In [1]:
import pandas as pd
import matplotlib.pyplot as plt
import numpy as np
from tqdm import tqdm


pd.options.display.max_rows = 35 
pd.options.display.max_columns = None

In [2]:
col_ignore = ['scheme_name', 'wpt_name', 'source_class', 'quality_group', 'quantity_group', 'recorded_by', 
             'extraction_type_group', 'extraction_type_class','management_group', 'payment_type', 'region_code',
              'district_code', 'subvillage', 'scheme_management', 'source_type', 'waterpoint_type_group', 
              'num_private', 'funder']

water_values = pd.read_csv('../../data/raw/WaterValuesOriginal.csv')
print('Original Shape', water_values.shape)
water_values = water_values[[i for i in water_values.columns if i not in col_ignore]]
water_labels = pd.read_csv('../../data/raw/WaterLabelsOriginal.csv')

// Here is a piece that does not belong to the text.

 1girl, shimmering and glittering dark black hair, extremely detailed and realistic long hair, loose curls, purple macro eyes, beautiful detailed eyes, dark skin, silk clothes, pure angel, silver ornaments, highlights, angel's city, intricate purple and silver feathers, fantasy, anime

water_labels['target'] = water_labels.status_group.values  #change target column
water_labels.drop('status_group', axis = 1, inplace = True) # drop the original column

water_values = pd.merge(water_values, water_labels, on = 'id') #merge target and features
water_values['date_recorded_date'] = pd.to_datetime(water_values.date_recorded)
water_values['year_recorded'] = pd.DatetimeIndex(water_values.date_recorded_date).year
#target distribution is roughly the same as the population distribution so we decided to drop them because there
#are not many entried and because the recorded was earlier than construction (all in 2004)

water_values = water_values[water_values.year_recorded >= 2011].reset_index(drop = True)
water_values = water_values[(water_values.source != 'unknown') & (water_values.water_quality != 'unknown') & 
                           (water_values.quantity != 'unknown')]
print('New Shape', water_values.shape)

Original Shape (59400, 40)
New Shape (57247, 25)


In [3]:
#fixing dates 
median_con = water_values[water_values.construction_year != 0].construction_year.median()
water_values.construction_year.replace(0, median_con, inplace = True)
cons_year = water_values.construction_year.values 
rec_date = water_values.date_recorded.values 
def get_time_since_built(cons, rec): 
    time_array = []
    for c, r in zip(cons, rec): 
        r = int(r.split('-')[0])
        c = int(c)
        diff = r -c
        time_array.append(diff)
    return time_array

t_array = get_time_since_built(cons_year, rec_date)
water_values['time_passed'] = t_array
water_values.drop(['construction_year', 'date_recorded_date', 'year_recorded', 'date_recorded'], 
                  axis = 1, inplace = True)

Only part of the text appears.